Having your miles in a flexible “currency” like Ultimate Rewards gives you options, and options are good. Especially when you’re trying to get 5 tickets. Sometimes the availability isn’t there when you need that many tickets, so having a couple of different airline options is not only a luxury, it’s a necessity. By the time the two of them meet their signup bonuses, they’ll have (at least) 110,000 Chase points.
Ultimate Rewards transfer at a 1:1 ratio to United, Southwest and British Airways (as well as a few other airlines and hotel programs). Unfortunately, there are no direct flights from SEA to anywhere near Cincinnati (ORD / Chicago is the closest), and since British Airways has a distance-based award chart, this probably wouldn’t be a good redemption.
United is a possibility – roundtrip tickets on United cost 25,000 miles, so that would be enough for 4 tickets, and for the 5th ticket they could either pay for it or put some more spending on the card. The Ink card is actually a good one to put spending on, because it offers 5x points on several different categories, such as office supply stores, cellular phone, landline, internet, and cable TV services. The office supply stores is the best, because Staples (as well as other such stores) carries a lot of gift cards. So one thing I like to do is if I need to go to Lowe’s, I stop by Office Depot (next door), buy a $500 Home Improvement gift card (good at Lowe’s).
That purchase earns 2500 Ultimate Rewards points, and then I use that $500 gift card at Lowe’s. That’s opposed to just spending $500 at Lowe’s, which would only earn 500 points.

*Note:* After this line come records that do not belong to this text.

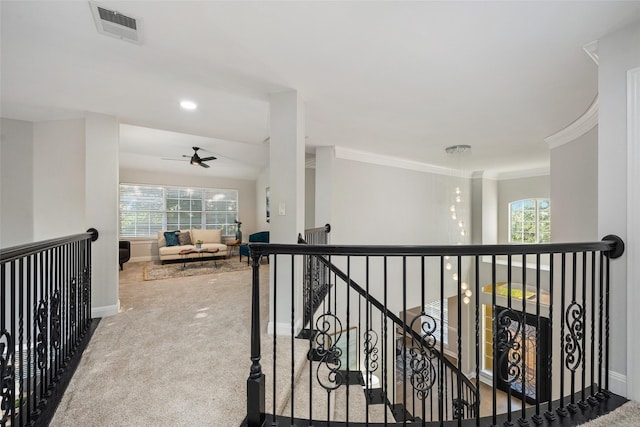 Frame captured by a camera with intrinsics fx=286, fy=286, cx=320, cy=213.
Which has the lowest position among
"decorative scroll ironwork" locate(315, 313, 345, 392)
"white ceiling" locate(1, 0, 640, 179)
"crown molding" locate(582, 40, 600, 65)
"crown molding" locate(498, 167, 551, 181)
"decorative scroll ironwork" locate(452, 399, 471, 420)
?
"decorative scroll ironwork" locate(452, 399, 471, 420)

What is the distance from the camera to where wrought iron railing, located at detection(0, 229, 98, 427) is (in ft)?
4.38

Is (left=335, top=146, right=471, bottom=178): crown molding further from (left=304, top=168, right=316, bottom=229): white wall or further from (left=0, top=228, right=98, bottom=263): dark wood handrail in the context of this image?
(left=0, top=228, right=98, bottom=263): dark wood handrail

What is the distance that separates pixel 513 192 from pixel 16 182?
9.59 metres

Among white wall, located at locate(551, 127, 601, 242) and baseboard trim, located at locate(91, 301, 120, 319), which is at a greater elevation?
white wall, located at locate(551, 127, 601, 242)

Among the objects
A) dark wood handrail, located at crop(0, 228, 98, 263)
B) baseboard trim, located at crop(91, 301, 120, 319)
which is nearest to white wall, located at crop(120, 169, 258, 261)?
baseboard trim, located at crop(91, 301, 120, 319)

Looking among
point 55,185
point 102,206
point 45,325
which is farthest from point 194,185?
point 45,325

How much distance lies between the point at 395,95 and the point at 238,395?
2.87m

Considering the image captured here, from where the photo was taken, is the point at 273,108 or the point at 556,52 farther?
the point at 273,108

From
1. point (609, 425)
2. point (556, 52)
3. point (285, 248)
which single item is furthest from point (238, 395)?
point (556, 52)

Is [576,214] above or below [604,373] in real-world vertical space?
above

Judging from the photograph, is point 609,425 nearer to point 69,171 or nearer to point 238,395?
point 238,395

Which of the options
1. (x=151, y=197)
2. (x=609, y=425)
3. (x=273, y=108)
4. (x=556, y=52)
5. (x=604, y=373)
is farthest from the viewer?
(x=151, y=197)

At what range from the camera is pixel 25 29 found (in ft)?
6.02

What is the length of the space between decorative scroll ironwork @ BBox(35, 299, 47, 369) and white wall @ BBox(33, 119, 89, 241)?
2215 mm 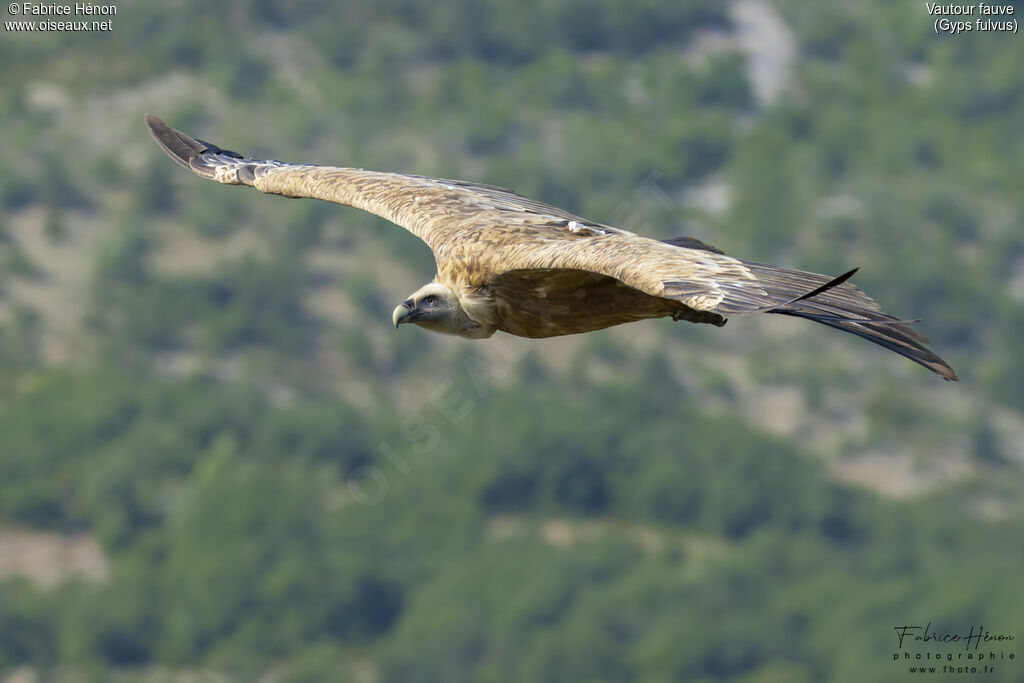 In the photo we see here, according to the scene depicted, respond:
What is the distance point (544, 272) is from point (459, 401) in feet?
213

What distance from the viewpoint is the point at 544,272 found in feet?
47.2

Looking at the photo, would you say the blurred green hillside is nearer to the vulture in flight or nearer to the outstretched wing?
the outstretched wing

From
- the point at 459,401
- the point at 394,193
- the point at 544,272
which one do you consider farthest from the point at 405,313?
the point at 459,401

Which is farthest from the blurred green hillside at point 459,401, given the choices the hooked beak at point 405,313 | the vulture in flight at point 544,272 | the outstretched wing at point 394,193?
the hooked beak at point 405,313

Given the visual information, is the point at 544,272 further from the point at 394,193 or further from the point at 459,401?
the point at 459,401

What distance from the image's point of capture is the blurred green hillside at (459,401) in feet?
232

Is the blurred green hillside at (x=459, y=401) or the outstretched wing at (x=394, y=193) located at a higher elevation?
the blurred green hillside at (x=459, y=401)

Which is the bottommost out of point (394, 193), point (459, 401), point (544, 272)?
point (544, 272)

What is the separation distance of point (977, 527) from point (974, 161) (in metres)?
31.3

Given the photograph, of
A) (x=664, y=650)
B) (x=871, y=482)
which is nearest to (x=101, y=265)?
(x=664, y=650)

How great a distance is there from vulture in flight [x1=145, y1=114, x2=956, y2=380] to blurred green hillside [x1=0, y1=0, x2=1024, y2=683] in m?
51.7

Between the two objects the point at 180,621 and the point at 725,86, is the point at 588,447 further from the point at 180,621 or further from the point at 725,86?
the point at 725,86

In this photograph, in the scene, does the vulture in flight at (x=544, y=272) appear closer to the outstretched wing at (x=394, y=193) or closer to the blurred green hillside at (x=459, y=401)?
the outstretched wing at (x=394, y=193)

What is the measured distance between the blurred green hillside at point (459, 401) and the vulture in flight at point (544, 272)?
169 feet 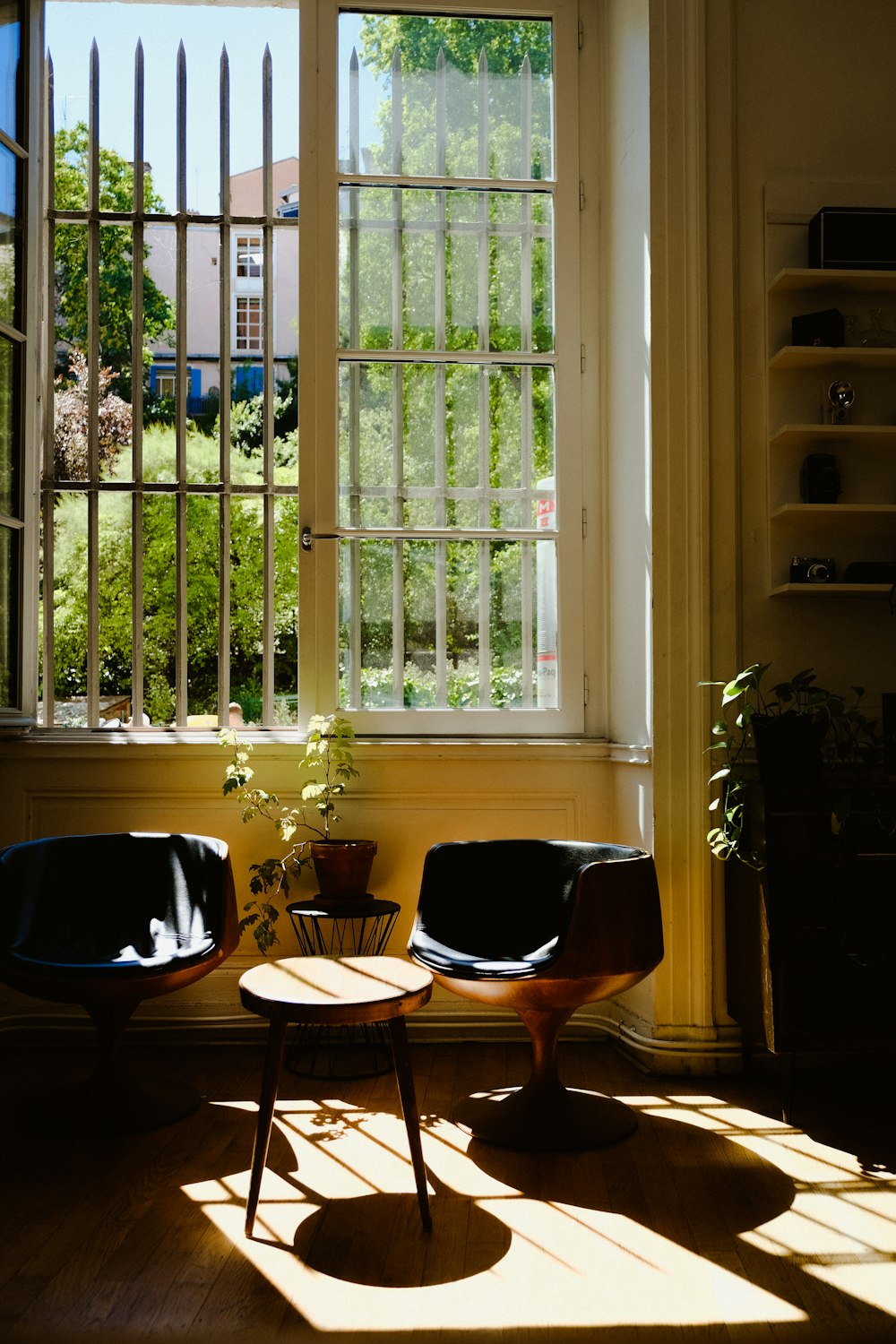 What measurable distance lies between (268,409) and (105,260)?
2.65 ft

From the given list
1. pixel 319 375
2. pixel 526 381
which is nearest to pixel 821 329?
pixel 526 381

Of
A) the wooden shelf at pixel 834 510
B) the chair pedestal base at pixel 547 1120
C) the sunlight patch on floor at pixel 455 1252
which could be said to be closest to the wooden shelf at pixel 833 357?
the wooden shelf at pixel 834 510

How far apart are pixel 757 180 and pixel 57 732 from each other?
117 inches

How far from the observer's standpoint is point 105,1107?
297 centimetres

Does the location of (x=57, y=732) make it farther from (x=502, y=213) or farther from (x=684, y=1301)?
(x=684, y=1301)

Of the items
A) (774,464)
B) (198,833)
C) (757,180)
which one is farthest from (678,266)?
(198,833)

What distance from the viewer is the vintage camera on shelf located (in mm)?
3316

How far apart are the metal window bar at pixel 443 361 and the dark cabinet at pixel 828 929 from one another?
1192 mm

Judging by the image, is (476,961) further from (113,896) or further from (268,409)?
(268,409)

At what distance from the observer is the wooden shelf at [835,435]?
10.8 ft

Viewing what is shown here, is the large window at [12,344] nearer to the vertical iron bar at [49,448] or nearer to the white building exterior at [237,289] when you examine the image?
the vertical iron bar at [49,448]

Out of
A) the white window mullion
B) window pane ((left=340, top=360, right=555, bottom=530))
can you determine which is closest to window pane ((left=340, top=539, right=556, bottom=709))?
the white window mullion

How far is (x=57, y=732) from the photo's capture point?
3812 millimetres

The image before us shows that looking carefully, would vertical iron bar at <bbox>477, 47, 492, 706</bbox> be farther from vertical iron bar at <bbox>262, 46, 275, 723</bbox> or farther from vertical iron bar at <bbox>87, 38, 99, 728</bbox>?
vertical iron bar at <bbox>87, 38, 99, 728</bbox> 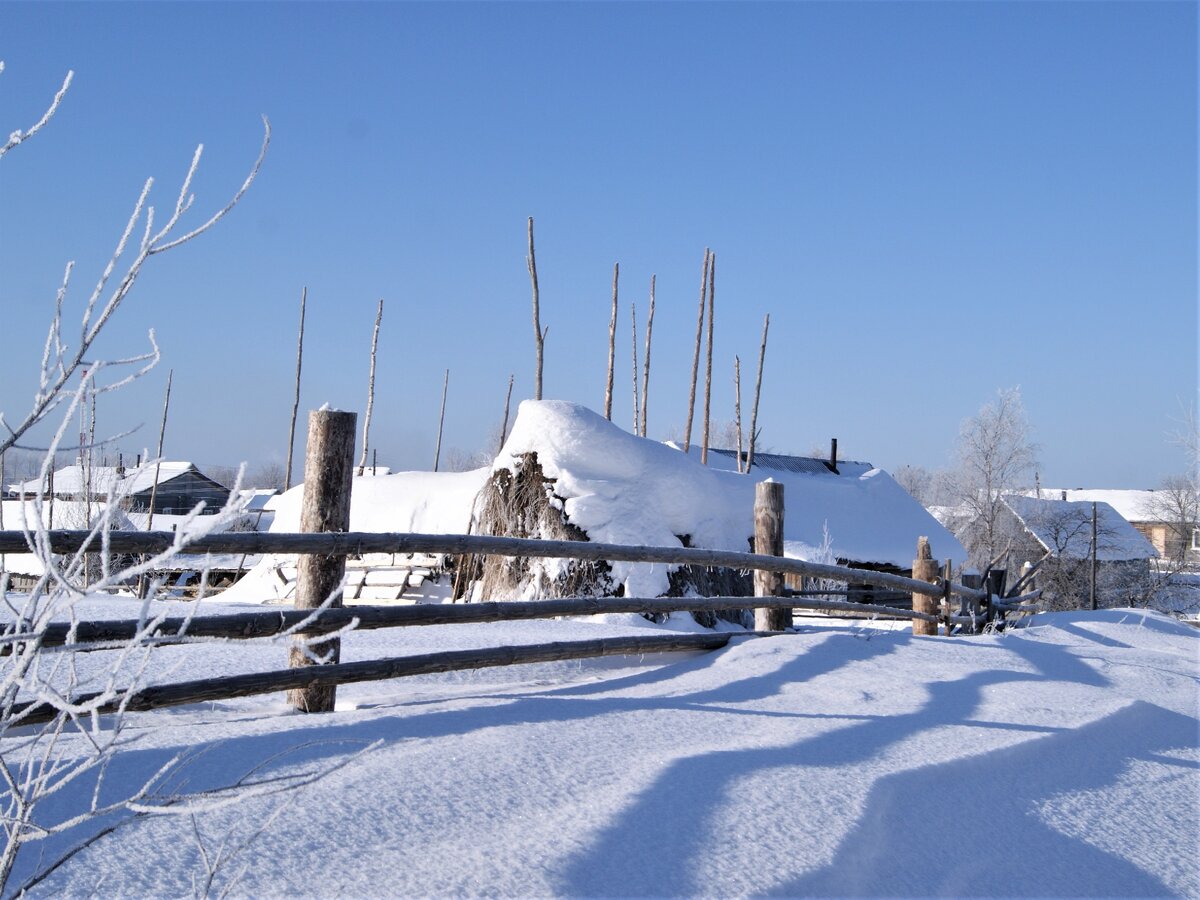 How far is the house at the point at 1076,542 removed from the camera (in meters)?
30.2

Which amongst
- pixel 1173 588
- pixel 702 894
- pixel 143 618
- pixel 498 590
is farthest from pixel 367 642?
pixel 1173 588

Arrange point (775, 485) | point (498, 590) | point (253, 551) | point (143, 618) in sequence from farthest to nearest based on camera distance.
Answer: point (498, 590)
point (775, 485)
point (253, 551)
point (143, 618)

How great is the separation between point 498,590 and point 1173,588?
24706mm

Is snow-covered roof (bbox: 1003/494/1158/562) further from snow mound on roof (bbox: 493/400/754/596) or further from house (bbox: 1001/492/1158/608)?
snow mound on roof (bbox: 493/400/754/596)

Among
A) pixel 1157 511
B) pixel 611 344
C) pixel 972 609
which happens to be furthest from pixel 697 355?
pixel 1157 511

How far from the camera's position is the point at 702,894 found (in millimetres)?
2186

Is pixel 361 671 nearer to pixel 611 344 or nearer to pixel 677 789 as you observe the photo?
pixel 677 789

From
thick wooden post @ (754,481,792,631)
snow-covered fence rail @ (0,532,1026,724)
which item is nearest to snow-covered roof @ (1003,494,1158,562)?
thick wooden post @ (754,481,792,631)

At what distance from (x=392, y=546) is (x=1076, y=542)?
123 ft

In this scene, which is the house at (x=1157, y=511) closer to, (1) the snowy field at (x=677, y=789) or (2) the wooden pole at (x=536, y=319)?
(2) the wooden pole at (x=536, y=319)

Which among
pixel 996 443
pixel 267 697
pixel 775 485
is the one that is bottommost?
pixel 267 697

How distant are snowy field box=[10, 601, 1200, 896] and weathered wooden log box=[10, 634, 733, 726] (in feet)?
0.37

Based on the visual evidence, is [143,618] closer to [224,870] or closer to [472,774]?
[224,870]

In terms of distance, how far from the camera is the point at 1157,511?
56.0 metres
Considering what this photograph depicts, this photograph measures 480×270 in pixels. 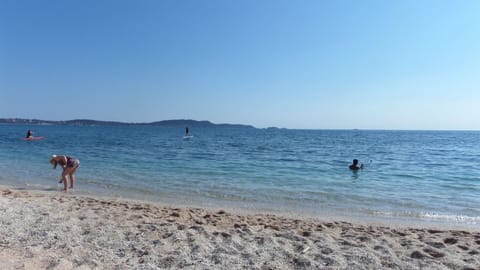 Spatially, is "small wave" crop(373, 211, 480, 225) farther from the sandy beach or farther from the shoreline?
the sandy beach

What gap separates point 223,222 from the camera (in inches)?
288

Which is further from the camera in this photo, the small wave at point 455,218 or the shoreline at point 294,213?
the small wave at point 455,218

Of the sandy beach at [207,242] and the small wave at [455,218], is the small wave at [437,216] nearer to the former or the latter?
the small wave at [455,218]

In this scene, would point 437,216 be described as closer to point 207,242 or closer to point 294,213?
point 294,213

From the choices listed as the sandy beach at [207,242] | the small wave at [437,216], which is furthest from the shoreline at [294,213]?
the sandy beach at [207,242]

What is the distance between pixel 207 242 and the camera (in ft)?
18.5

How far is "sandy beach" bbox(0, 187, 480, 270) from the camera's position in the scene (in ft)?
15.7

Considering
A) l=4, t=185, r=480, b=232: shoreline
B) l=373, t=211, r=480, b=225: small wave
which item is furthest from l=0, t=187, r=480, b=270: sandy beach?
l=373, t=211, r=480, b=225: small wave

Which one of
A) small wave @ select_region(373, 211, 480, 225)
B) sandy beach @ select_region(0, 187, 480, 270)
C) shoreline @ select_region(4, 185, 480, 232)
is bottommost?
shoreline @ select_region(4, 185, 480, 232)

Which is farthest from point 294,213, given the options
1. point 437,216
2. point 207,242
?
point 207,242

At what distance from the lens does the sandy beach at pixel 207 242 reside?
189 inches

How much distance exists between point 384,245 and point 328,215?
127 inches

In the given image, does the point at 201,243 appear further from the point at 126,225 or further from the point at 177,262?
the point at 126,225

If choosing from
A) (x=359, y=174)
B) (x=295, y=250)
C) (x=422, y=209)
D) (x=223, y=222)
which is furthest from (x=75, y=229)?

You can also buy prepaid Visa cards there. Those have a fee and so they’re not “free” but might make sense. There was a deal a few weeks ago at OfficeMax as well as I wrote a bunch about this on how to meet spending totals.
Southwest is also an option – unfortunately Delta has (so far) kept them out of CVG, but they do fly from DAY (as well as several other nearby airports). Southwest has a fixed point value tied to the actual dollar cost of the flight (which is devaluing later this year), but as it stands now, one option would be
It depends on the exact dates / flights you pick, but as it stands now, you can get 5 tickets from DAY-SEA for a mere 111,170 southwest points. One unfortunate side effect is that Southwest points transferred in from Chase do NOT count towards earning the Southwest Companion pass (where your companion flies free for nearly 2 years)
Business Cards on Credit report
As I mentioned, the Chase Ink card is a business card. One other feature of business cards is that they don’t show up on your credit report (more info from Million Mile Secrets). Now, IANAMU (I am not a mortgage underwriter), and I wouldn’t advise you go going crazy, but this would be one data point why in this situation a business card would be better than a personal card.
So there are a few other options. One would be that Citibank has offered their “Executive AAdvantage card”, which offers 100,000 miles after spending 10,000 miles in 3 months. Now, that is a pretty hefty spending requirement, and it also comes with a $450 annual fee (though you do get a $200 statement credit so it’s like a $250 annual fee).
Another option would be to have either Katie or her husband sign up for a 2nd card. If that’s the case, I would recommend the Chase Sapphire (signup bonus of 40,000 Ultimate Rewards points) , the Southwest card (50,000 Rapid Rewards points), or maybe the United Explorer card (30,000 United MileagePlus miles but if you have a Chase branch local you may still be able to get the 50,000 mile offer).